Вообще-то, если быть до конца честным и откровенным, то на мнение окружающих людей, независимо от их пола, возраста и иных отличительных признаков, было Калиночке наплевать. И не потому совсем, что он относился к людям с презрением или с какими-то иными нехорошими чувствами, а потому, что были они ему безразличны и неблизки. Так же, как и он им. И естественно, что в такой ситуации он не придавал никакого значения их мнению и позволял себе выглядеть так, как мог, или так, как случалось ему выглядеть в какой-то данный конкретный момент. Кстати, чистил он одежду и обувь, только если сам чувствовал в этом потребность и необходимость, а если не чувствовал, то никакие взгляды, никакой шепот за спиной не могли его на это подвигнуть. Потому что относился Калиночка к себе, можно сказать, наплевательски. Вещи себе новые покупал лишь после того, как старые приходили в полную и окончательную негодность – носки и те таскал на ногах до тех пор, пока они не покрывались дырками и не расползались от прикосновения к ним пальцев рук. Поступал так Калиночка не от жадности или неимения средств на приобретение себе новых носков, а потому, что было ему смертельно скучно заниматься покупками, скучно и неинтересно, и все время, на это потраченное, он считал потраченным зря, без всякой пользы, хотя понимал, что и вреда подобное расходование времени не приносит. Другими словами говоря, тяготился Калиночка собой и своими потребностями, считая эти потребности присущими не себе, а своему организму. Организм же и вовсе не заслуживал того, чтобы к нему относиться как-нибудь особенно – бережно там или с пониманием.
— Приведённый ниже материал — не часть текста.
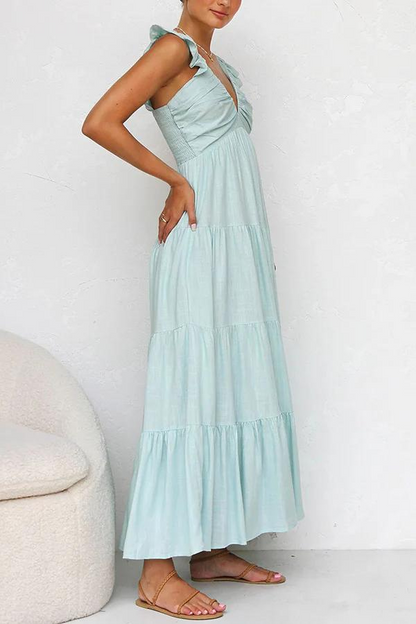 JANNA - ELEGANT LONG V-NECK DRESS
Калиночка, во всяком случае, был в этом абсолютно уверен. Поскольку при всем желании не мог иначе относиться к шестидесяти трем килограммам мяса, крови, кишок и прочих субпродуктов. А с тех пор, как организм Калиночки стал еще и сбоить из-за накопленной за жизнь усталости и показывать свой норов, не желая, к примеру, просыпаться по утрам и требуя к себе повышенного, ничем не заслуженного внимания, Калиночка и вовсе организм свой запрезирал и шел, конечно, у него на поводу, но в самых вынужденных, что ли, обстоятельствах – вот, допустим, ходил по мосту пешком, объясняя себе, что нужно это не организму, а ему самому – Калиночке, – и даже не так нужно, как доставляет какое-то – пусть несколько своеобразное – удовольствие.